As you can see above we get some pretty remarkable speedups for single distance calculations. For dot product operations at 1536 dimensions, AVX-512 is 28.6 times faster than pure Go and 6 times faster than AVX-256. Whereas for L2 distance measurements at 1536 dimensions, AVX-512 is 19 times faster than pure Go and 5.6 times faster than AVX-256.
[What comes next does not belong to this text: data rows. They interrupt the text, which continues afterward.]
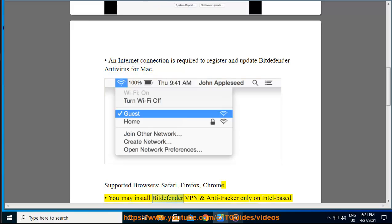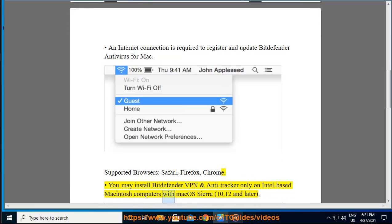You may install Bitdefender VPN and Antitracker only on Intel-based Macintosh computers with Mac OS Sierra 10.12 and later.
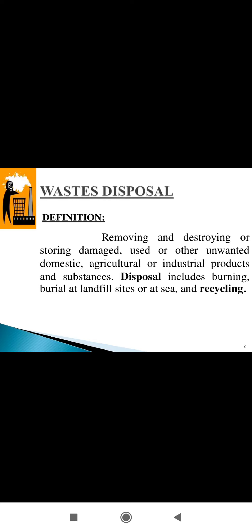Good morning students. Today I will discuss waste management. So what is waste management? Waste management includes the activities and actions required to manage waste from its inception to its final disposal.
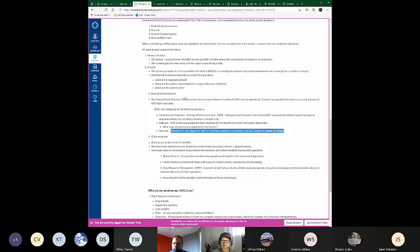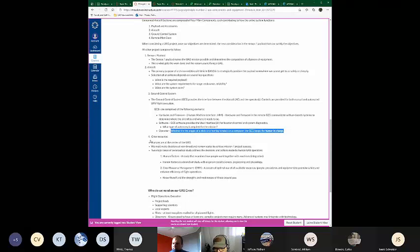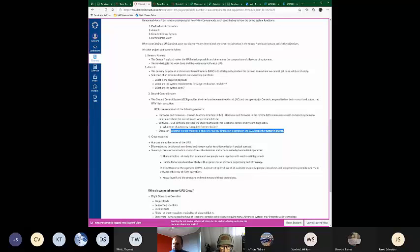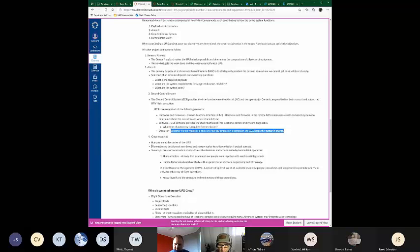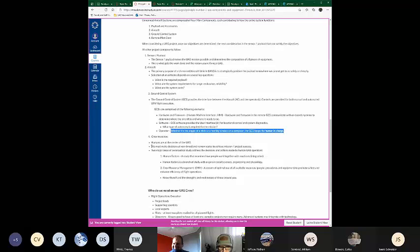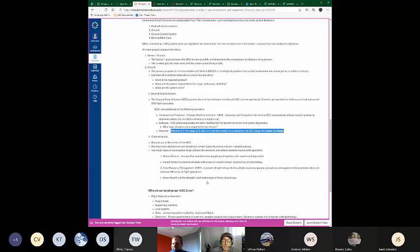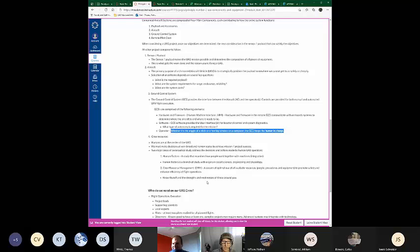So now we know what sensor we're going to use. We've selected a subsequent aircraft. And now we know what ground control system we're going to use because of that aircraft. Now we can start thinking about, what does my team look like that I'm going to need to pull off this mission? So users are at the center. Humans are at the center of the UAS. We must make decisions at the very broad and narrow scales to achieve mission and project success.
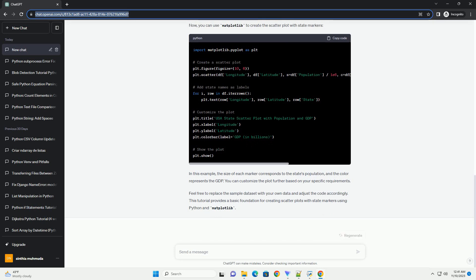Now, you can use Matplotlib to create the scatterplot with state markers. In this example, the size of each marker corresponds to the state's population, and the color represents the GDP.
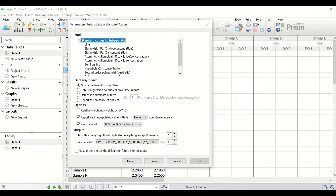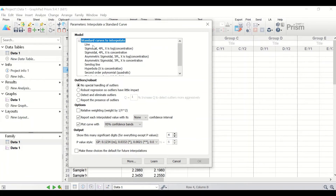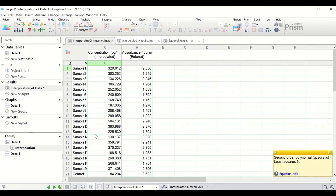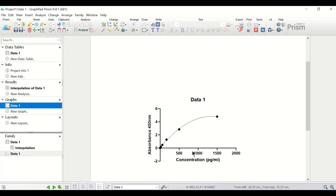In the new window, select the standard curve to interpolate. Since the scatter shows a non-linear relationship between the absorbance and the concentration, we have the option of choosing second order polynomial (quadratic) or hyperbolic. As shown by the scatter plot, select second order polynomial quadratic and click 'Plot curve with data.' Click OK. A curve is fitted for the standard samples, showing a bent quadratic polynomial second order curve.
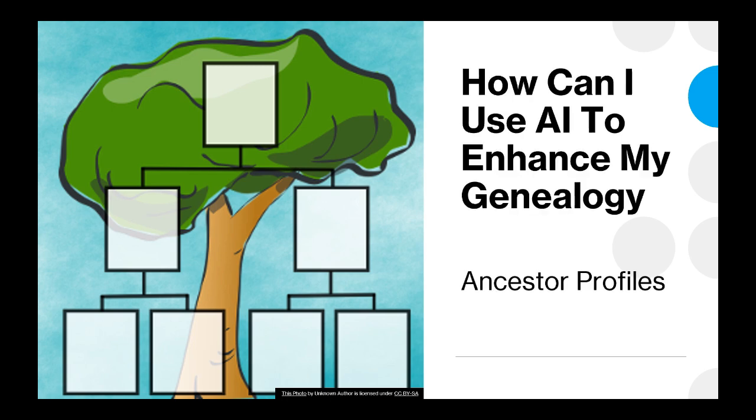Today we're going to look at artificial intelligence and how it can enhance our genealogy. In particular, we're going to look at ancestor profiles and what AI can do for us.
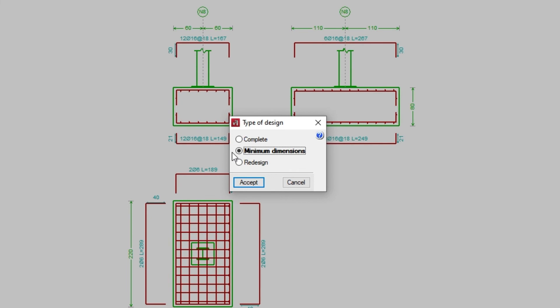Finally, by checking Redesign, the program will only design the reinforcement without modifying the geometry of the element.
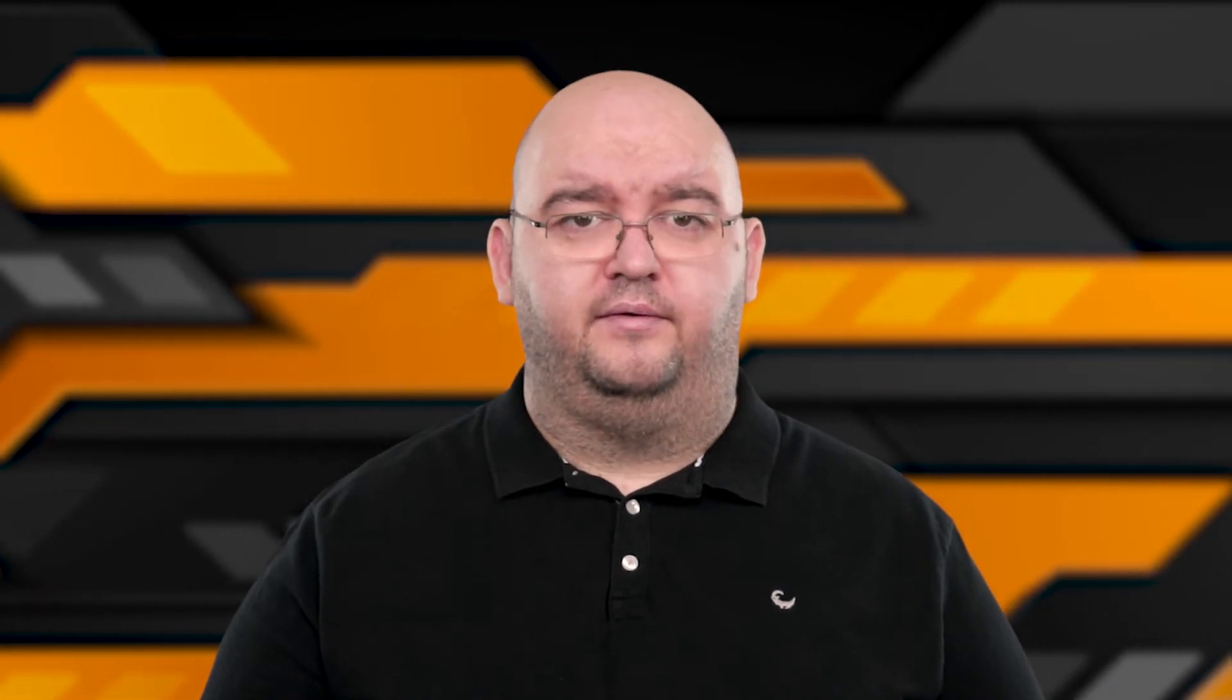You can also use File Explorer to change or set other file attributes, such as whether your files are hidden or read-only. In the Properties box, switch to the General tab, then press either the Hidden or Read-Only checkboxes to enable or disable those settings, then click OK to save.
Subsequently, we conducted ANN benchmarks utilizing two different datasets DBPedia embedded using OpenAI text-embedding-ada-002 model (1536 dimensions), and Meta’s 768 dimension Sphere dataset, aiming to gauge the practical implications of these instructions on real-world tasks. As seen in the graphs the benchmark results showed notable performance improvements, further validating the advantages of AVX-512 over AVX-256 in Emerald Rapids.

DBPedia benchmarks
Figure 2: Intel Emerald Rapids 5th Gen Xeon ANN performance on DBPedia ada-002 embeddings.
Sphere benchmarks
Figure 3: Intel Emerald Rapids 5th Gen Xeon ANN performance on Sphere embeddings.

Here on the sphere-1 million dataset when searched using dot products we see a remarkable 42% improvement in Weaviate queries per second(QPS) @ 90% Recall, while on the dbpedia-500k dataset when searched using L2 distance we see a 40% improvement in QPS @ 90% Recall!

Furthermore, our assessment revealed a 16% enhanced AVX-512 performance in Intel’s 4th Gen Xeon Processor, Sapphire Rapids compared to AVX-256. As a result, we made the strategic decision to enable the latest Intel Xeon Gen Processors, both Emerald Rapids and Sapphire Rapids, to leverage AVX-512 instructions starting from Weaviate version 1.24.2. This proactive measure ensures that users can harness the full potential of their hardware, now and in the future.